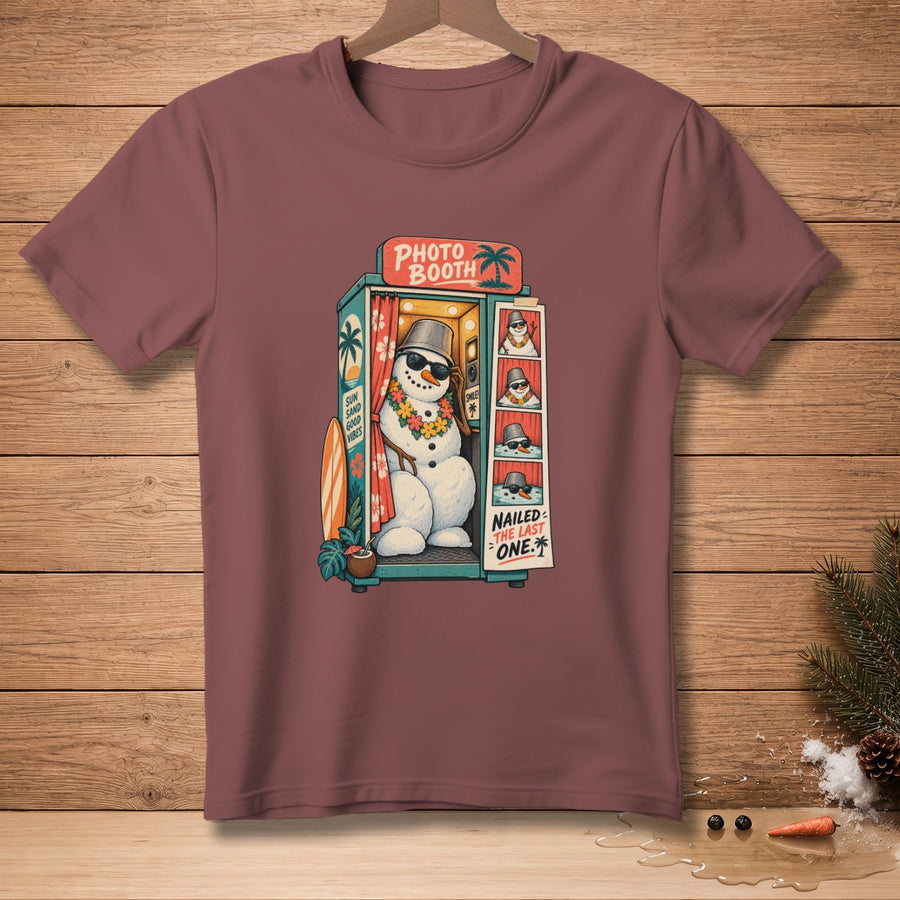 T-shirt graphic: snowman in a photo booth with sunglasses and leis, "Nailed the last one" text.
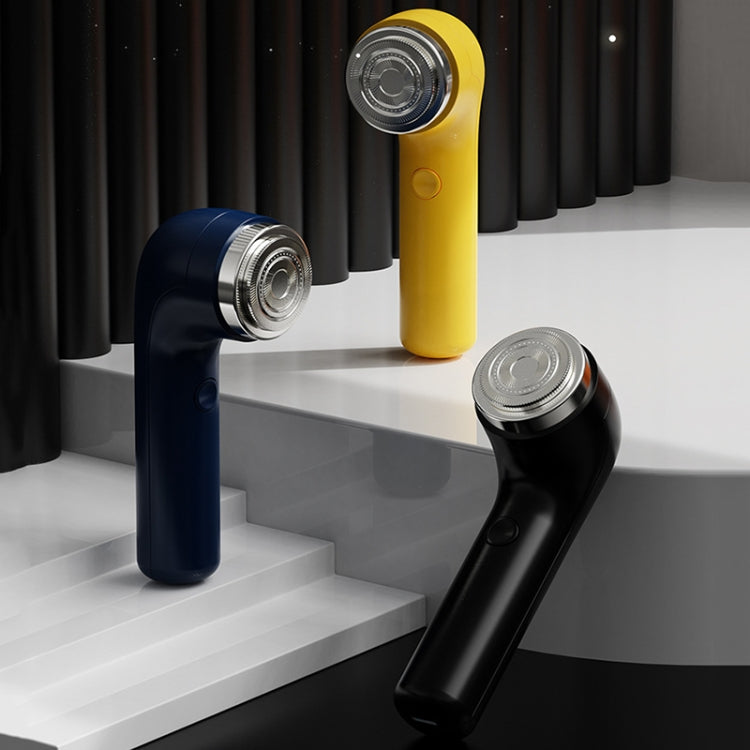 Three electric shavers in yellow, blue, and black with round shaving heads
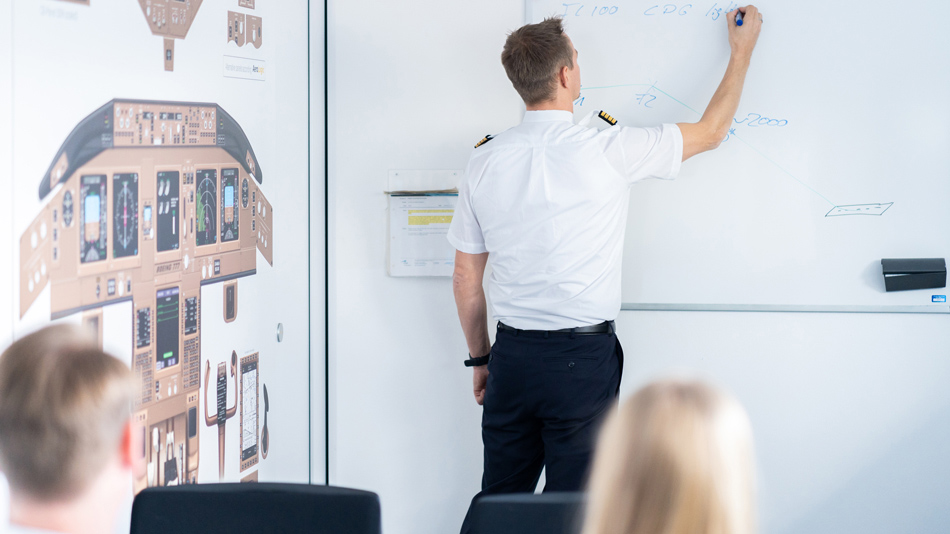 In einem Seminarraum schreibt ein Pilot als Ausbilder etwas an ein Whiteboard während zwei Personen zuschauen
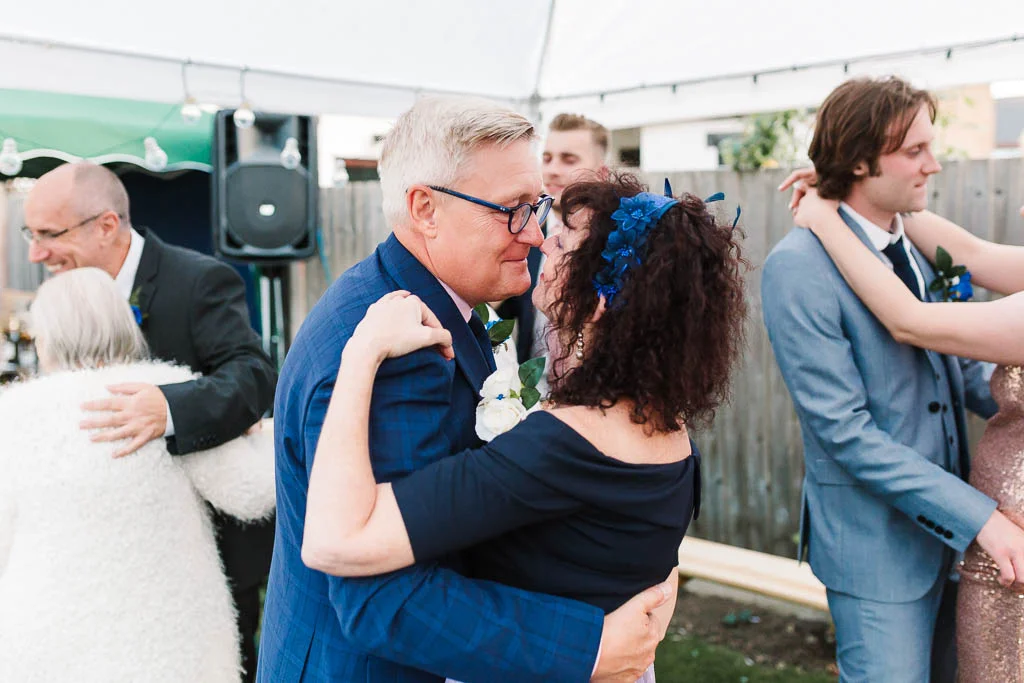 parents dancing at garden wedding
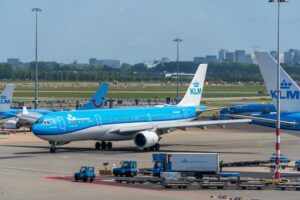 KLM-vliegtuig op Schiphol dat over het platform taxi’t met andere vliegtuigen op de achtergrond.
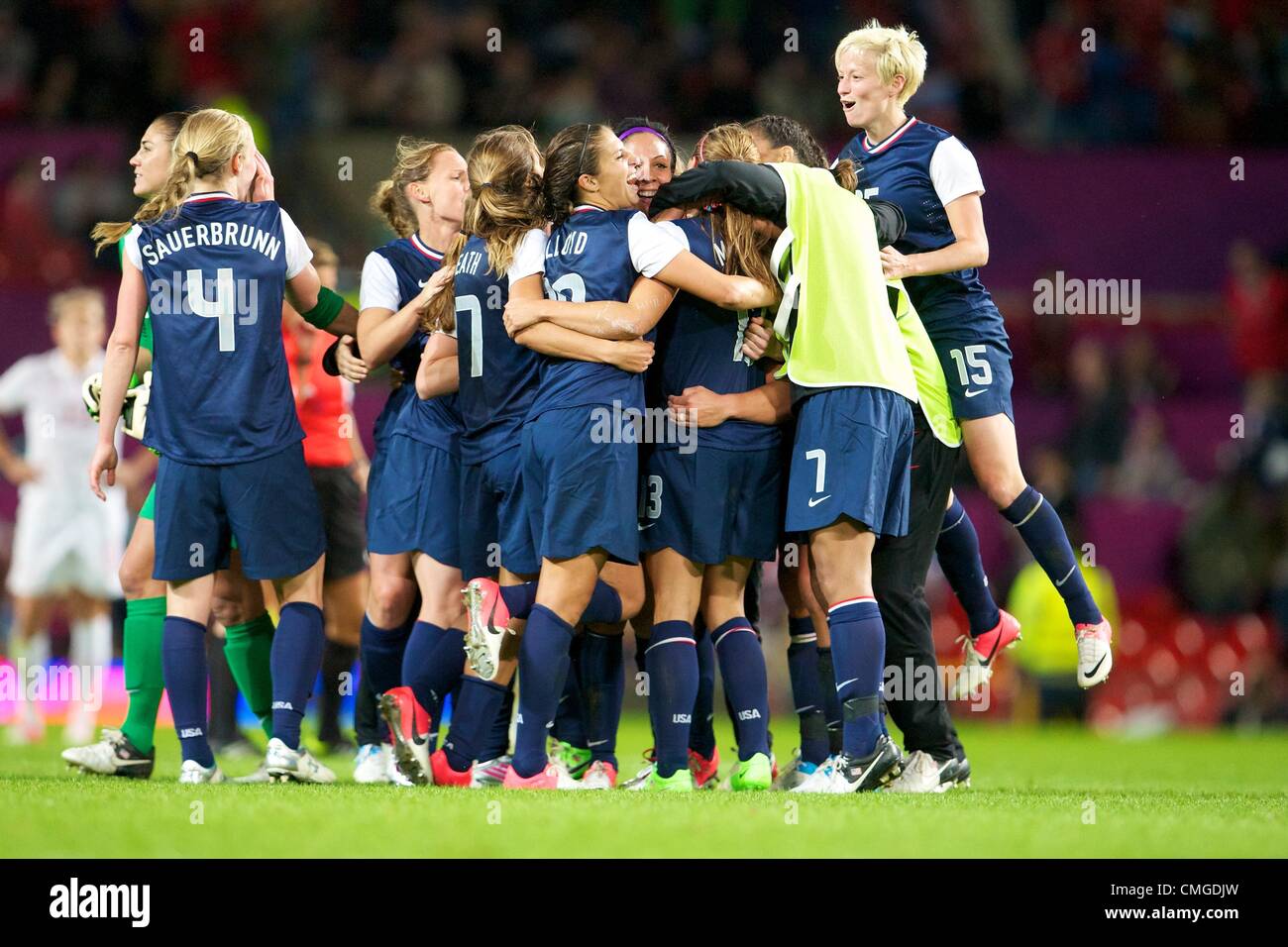 06.08.2012 Manchester, England. Team USA celebrate a last minute victory  in the women's semi final match between Team USA and Canada at Old Trafford. USA scored a late injury time winner to go through to the gold medal match by a score of 4-3. Stock Photo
────────────────────────────────────────
== PROBLEM TO SOLVE ==
Reproduce exactly, with every picture left out, the lines from the one that contains "KLM-vliegtuig op Schiphol" to the final line of the records above.

== WORKED SOLUTION ==
 KLM-vliegtuig op Schiphol dat over het platform taxi’t met andere vliegtuigen op de achtergrond.
 06.08.2012 Manchester, England. Team USA celebrate a last minute victory  in the women's semi final match between Team USA and Canada at Old Trafford. USA scored a late injury time winner to go through to the gold medal match by a score of 4-3. Stock Photo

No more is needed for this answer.